# Part 1 — Introduction to scraping data

### What is web scraping?
Web scraping is programmatically fetching content from websites and extracting structured data (tables, text, links, images, JSON, etc.). Scraping is useful for research, collecting datasets, monitoring prices, and more.

### When to scrape vs. use an API

Prefer an official API when available (cleaner, stable, respects provider limits).

Scrape when there’s no API or the API lacks data you need — but proceed cautiously (see legal/ethical section).

### High-level workflow

- Inspect the page manually (browser dev tools).
- Identify the URL(s) and the HTML elements or API endpoints that contain the data.
- Write code to fetch the page (or call the API).
- Parse the HTML/JSON and extract fields.
- Respect robots.txt, rate limits, and terms of service; add delays and caching.
- Store data (CSV, JSON, database).

# Part 2 — Overview of popular scraping tools in Python

Short intro to the toolset and when to choose each:

1. requests + BeautifulSoup (bs4) — Classic stack for static HTML pages. Easy, lightweight, perfect for beginners and many real-world tasks where JS is not required.

2. Scrapy — Full-featured scraping framework: spiders, request scheduling, pipelines, auto-throttling, built-in exporters, concurrent crawling.
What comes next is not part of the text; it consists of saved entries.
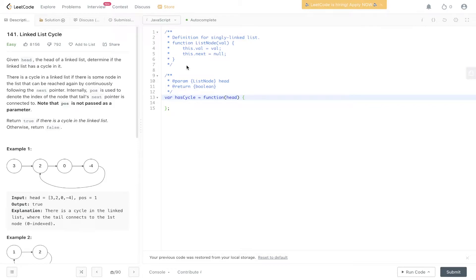Okay, question 141 LeetCode: Linked List Cycle. Given head, the head of a linked list, determine if the linked list has a cycle in it.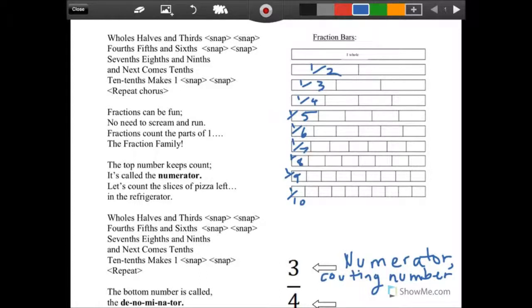Ready? And sing. We'll halves and thirds, four-fifths and sixths, seven-eighths and ninths, and next comes tens — ten-tenths makes one.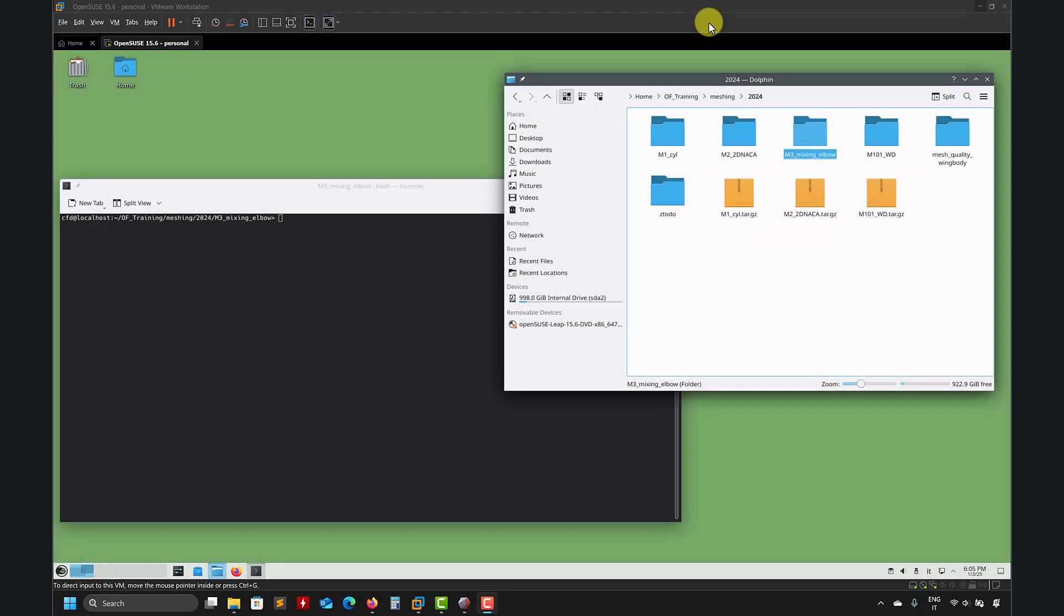Hi there. So now that we do the geometry, we have everything, let's move into OpenFOAM and you should have this folder, entry, mix, enable.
Use it for medium→large scale scraping projects.

3. Selenium — Drives a real browser (or headless browser) and can handle dynamic pages, heavy JavaScript, and interactions (clicks, logins). Slower but powerful.
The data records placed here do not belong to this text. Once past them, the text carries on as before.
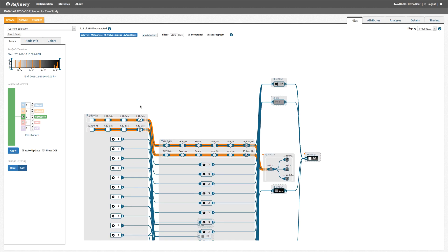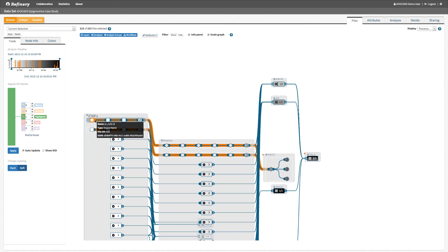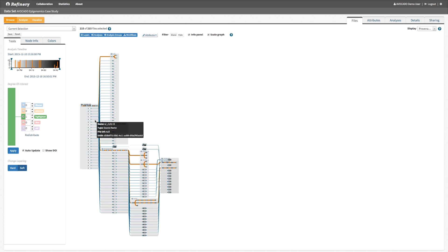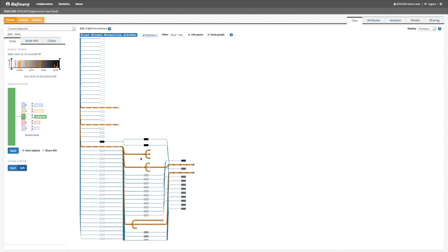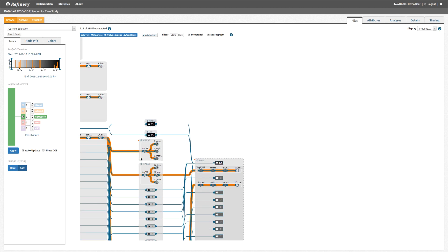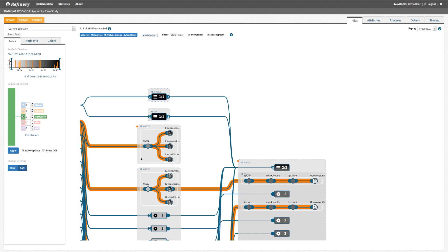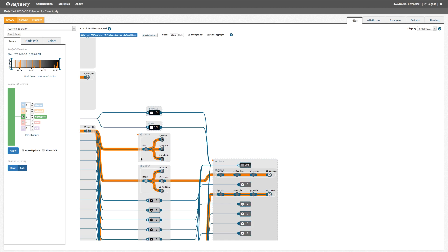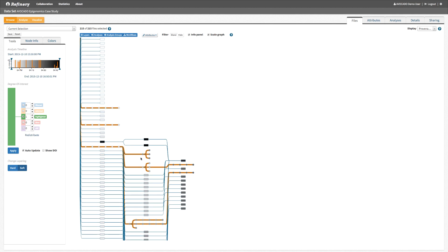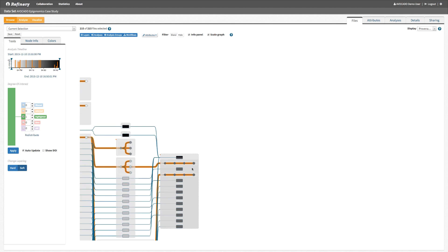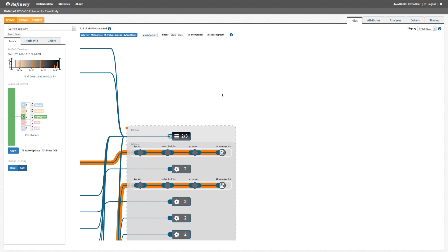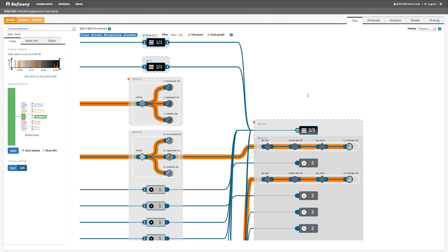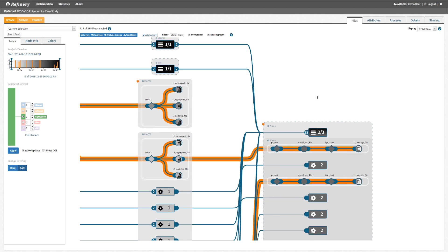We can also revert this functionality and trace all the output files generated from a raw data file of interest. For example, we observed that this raw data file was run through the macs2 workflow twice. But only one of the two macs2 results was passed on to the pileup workflow.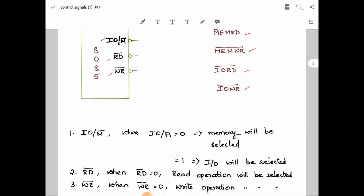Regarding the three signals: first, IO/M̄ — when IO/M̄ is equal to 0, memory will be selected, and when IO/M̄ is equal to 1, input/output will be selected. RD̄ is a control signal and being active low, it should be equal to 0 during a read operation. Similarly, WR̄ should be equal to 0, being active low, for a write operation.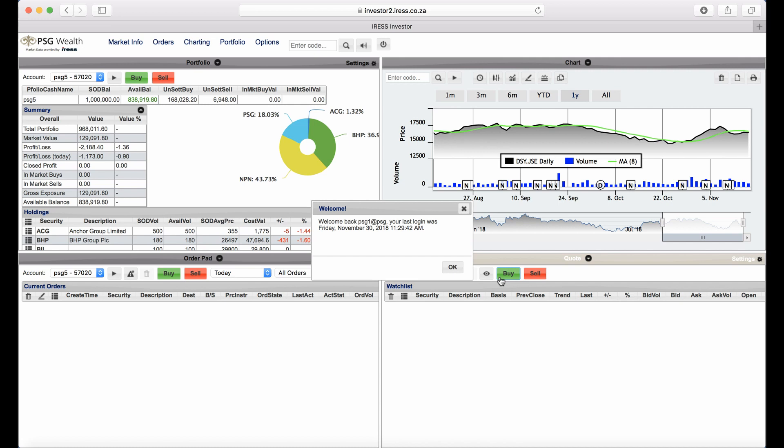Each frame can be changed to a different function. There are two ways in which a frame's function can be changed: by using the frame menu or by using the main menu. You can click on the menu button situated next to the command title of that frame, or you can use the main menu.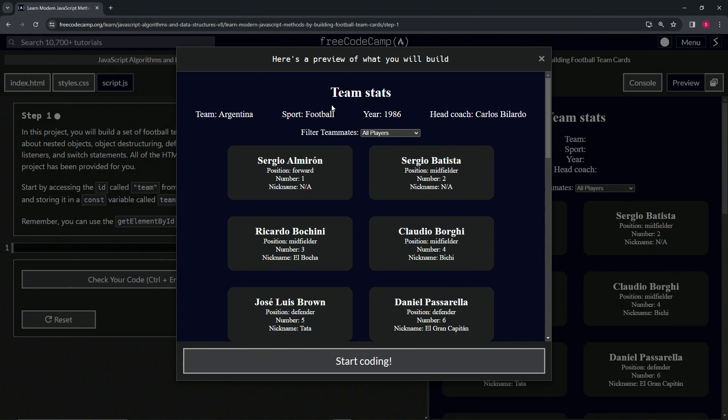All right, so we see right here we've got something that says Team Stats.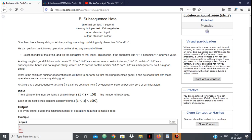Now, we want a string to be 'good.' A string is called good if it does not contain 010 or 101 as a subsequence — not a substring, but as a subsequence. So 1001 has 101 as a subsequence, so it's not a good string. We have some examples and we have to make our string good with the minimum number of operations.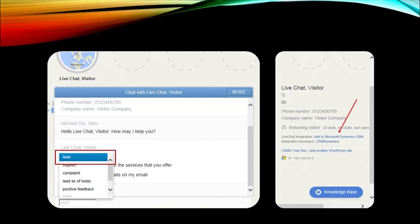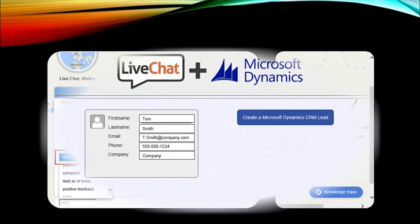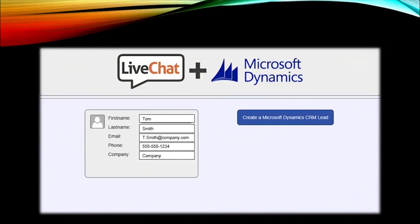Oops! Forgot to tag it? No worries. You can always go back to the archives, open up the chat and send it to Microsoft Dynamics CRM.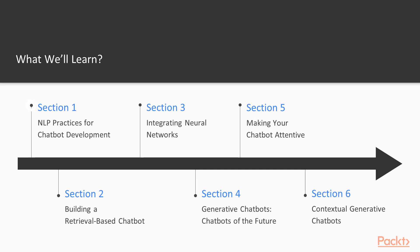In section one, we will have an introduction to NLP practices that are used in chatbot development.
4. APIs & JSON endpoints — Many sites load data via XHR/Fetch; reverse-engineering these endpoints is often easier and more reliable than parsing rendered HTML.

# Part 3 — Simple use of BeautifulSoup

```
pip install bs4 requests
```


In [None]:
# import necessary libraries
from bs4 import BeautifulSoup
import requests
import re


# function to extract html document from given url
def getHTMLdocument(url):
    
    # request for HTML document of given url
    response = requests.get(url)
    
    # response will be provided in JSON format
    return response.text

  
# assign required credentials
# assign URL
url_to_scrape = "https://www.geeksforgeeks.org/courses"

# create document
html_document = getHTMLdocument(url_to_scrape)

# create soap object
soup = BeautifulSoup(html_document, 'html.parser')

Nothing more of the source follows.